▸ **The task**: Look through the data below for the line with "Sadnyy 24 Pcs" and the line with "Combinaison de bébé panda", then transcribe exactly from the first through the second, leaving out all pictures.

▸ **Data extract**:
+===+
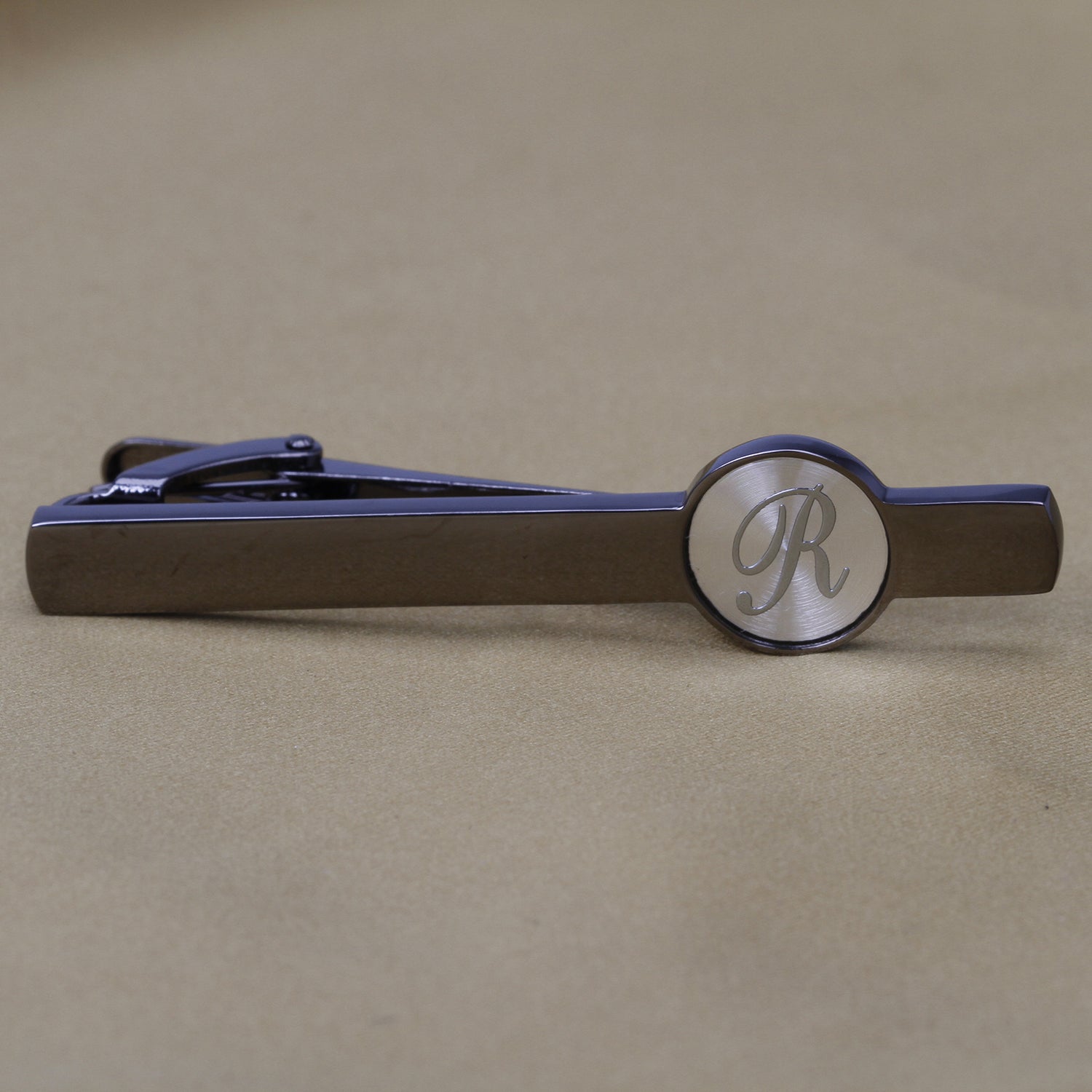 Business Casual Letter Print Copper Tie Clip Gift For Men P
+===+
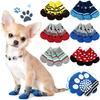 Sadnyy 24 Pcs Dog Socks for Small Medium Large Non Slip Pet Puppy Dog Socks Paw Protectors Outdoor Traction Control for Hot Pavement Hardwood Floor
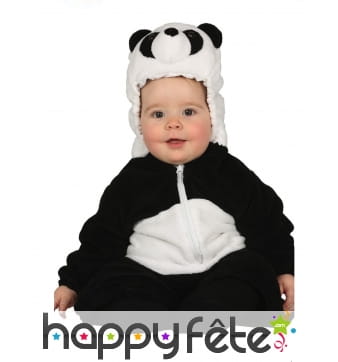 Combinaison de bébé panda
+===+
▸ **Exercise response**:
 Sadnyy 24 Pcs Dog Socks for Small Medium Large Non Slip Pet Puppy Dog Socks Paw Protectors Outdoor Traction Control for Hot Pavement Hardwood Floor
 Combinaison de bébé panda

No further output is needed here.